Understanding the on the runs debate
Progress
Tony Blair was masterful giving evidence before the Northern Ireland select committee today, confirming that the so-called ‘on the runs’ scheme was indispensable to the historic peace settlement we achieved in 2007.
Yet he and ministers like me have been accused of doing a ‘shabby’, ‘one-sided’ side deal with Sinn Fein behind the backs of parliament, the Northern Ireland political parties, victims and the public at large.
It is argued that as a result at least one alleged ‘terrorist’, John Downey, has evaded justice and that therefore many more will have also have done so.
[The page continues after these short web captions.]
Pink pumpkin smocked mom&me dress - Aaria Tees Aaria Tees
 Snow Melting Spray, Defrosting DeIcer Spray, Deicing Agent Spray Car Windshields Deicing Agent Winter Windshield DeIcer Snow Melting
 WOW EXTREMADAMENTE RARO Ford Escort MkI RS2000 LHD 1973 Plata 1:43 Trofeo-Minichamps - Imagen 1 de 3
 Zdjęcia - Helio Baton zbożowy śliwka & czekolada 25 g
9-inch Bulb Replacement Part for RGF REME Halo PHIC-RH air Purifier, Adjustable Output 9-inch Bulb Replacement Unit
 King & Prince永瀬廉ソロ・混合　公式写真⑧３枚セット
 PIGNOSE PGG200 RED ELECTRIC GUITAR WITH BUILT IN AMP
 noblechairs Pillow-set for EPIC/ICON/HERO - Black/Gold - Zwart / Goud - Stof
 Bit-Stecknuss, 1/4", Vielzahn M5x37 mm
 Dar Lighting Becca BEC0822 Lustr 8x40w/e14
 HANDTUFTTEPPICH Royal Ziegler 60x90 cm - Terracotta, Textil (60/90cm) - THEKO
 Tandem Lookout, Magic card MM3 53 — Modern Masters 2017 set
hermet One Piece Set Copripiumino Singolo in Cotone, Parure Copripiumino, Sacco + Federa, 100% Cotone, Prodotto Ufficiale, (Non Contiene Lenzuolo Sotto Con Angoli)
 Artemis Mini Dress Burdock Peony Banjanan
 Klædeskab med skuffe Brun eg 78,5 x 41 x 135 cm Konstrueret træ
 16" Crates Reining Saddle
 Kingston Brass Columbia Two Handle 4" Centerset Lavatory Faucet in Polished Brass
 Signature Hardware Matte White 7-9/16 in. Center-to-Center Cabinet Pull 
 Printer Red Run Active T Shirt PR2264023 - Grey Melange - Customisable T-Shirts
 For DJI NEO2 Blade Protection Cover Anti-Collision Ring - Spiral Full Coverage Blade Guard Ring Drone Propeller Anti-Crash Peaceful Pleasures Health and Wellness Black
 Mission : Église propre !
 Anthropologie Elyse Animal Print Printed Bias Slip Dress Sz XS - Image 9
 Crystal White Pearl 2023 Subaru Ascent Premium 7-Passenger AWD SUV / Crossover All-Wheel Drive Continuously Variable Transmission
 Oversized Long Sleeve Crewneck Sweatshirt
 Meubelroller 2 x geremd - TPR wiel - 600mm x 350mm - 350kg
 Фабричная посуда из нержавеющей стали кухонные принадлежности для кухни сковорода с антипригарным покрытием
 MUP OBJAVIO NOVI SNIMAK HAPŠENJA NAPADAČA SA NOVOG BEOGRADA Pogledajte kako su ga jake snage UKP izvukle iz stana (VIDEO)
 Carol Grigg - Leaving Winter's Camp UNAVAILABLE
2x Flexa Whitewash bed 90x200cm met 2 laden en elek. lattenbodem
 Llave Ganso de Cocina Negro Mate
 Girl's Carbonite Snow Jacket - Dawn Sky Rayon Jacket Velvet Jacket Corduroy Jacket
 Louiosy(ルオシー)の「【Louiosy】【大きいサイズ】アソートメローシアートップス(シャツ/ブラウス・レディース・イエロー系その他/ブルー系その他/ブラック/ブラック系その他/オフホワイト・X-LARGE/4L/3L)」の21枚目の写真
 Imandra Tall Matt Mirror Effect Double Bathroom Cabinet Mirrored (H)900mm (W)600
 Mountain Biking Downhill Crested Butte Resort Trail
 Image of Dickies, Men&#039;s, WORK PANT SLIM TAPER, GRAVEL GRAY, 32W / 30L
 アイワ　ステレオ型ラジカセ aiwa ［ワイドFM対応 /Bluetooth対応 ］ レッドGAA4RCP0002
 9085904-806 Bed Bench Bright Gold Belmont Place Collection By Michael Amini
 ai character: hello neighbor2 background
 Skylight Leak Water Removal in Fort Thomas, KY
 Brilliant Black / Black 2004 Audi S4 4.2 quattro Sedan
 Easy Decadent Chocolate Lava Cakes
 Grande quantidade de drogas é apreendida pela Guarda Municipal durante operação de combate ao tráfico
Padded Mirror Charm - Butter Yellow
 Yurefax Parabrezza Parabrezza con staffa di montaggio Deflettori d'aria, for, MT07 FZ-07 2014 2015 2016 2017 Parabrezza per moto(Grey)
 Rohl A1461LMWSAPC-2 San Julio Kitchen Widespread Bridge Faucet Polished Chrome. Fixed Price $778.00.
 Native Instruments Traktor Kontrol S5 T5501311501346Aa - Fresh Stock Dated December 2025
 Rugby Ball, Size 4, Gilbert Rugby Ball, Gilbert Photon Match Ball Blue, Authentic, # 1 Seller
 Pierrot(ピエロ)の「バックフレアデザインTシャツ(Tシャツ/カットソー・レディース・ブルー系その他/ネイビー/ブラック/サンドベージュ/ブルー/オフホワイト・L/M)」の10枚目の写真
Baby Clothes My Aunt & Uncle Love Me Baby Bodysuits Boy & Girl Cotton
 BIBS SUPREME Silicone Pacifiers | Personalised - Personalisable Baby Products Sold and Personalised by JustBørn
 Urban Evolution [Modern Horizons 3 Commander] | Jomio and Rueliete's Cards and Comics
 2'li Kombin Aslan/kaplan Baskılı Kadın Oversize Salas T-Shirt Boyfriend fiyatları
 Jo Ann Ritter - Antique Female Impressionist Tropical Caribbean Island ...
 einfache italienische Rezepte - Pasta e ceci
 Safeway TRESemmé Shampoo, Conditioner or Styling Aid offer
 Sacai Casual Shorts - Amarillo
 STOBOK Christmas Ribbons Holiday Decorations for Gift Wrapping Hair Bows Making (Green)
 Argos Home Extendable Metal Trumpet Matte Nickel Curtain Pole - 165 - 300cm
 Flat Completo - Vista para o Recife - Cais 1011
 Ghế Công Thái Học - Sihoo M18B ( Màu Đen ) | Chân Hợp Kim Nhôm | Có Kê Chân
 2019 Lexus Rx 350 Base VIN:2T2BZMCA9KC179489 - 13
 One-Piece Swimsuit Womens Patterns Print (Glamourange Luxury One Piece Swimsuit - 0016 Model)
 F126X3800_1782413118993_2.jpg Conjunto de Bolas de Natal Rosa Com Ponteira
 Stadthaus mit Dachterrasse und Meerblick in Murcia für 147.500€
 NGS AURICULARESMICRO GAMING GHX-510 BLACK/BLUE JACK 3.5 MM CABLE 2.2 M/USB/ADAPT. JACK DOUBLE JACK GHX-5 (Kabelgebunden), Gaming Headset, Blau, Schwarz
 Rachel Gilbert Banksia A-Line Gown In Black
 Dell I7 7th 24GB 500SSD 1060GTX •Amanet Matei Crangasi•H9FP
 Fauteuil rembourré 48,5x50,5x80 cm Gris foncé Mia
It is further alleged that, by involving the police in this process the government ‘politicised’ them, as well as the law officers and civil servants who were involved in the administration of the scheme.
I utterly reject these accusations, and believe that they spring from a fundamental misunderstanding about the core issue.
In the controversy which has understandably raged since the John Downey prosecution fiasco in 2013 over the Hyde Park bombing, there has been a complete failure to distinguish between, first, those who were genuinely ‘on the run’ (that is, who the police were pursuing on the basis of evidence against them), and, second, those who may or may not have committed pre-Good Friday Agreement Troubles-related crimes but against whom there was either no evidence, or insufficient evidence to detain, let alone prosecute, if they came back into United Kingdom jurisdiction.
For some the difference between these two categories is immaterial. But it is actually fundamental.
The Northern Ireland offences bill, which I introduced to the House of Commons on 9 November 2005, was designed to honour commitments our Labour government made at Hillsborough in 2001, and published in detail after the Weston Park talks in April 2003.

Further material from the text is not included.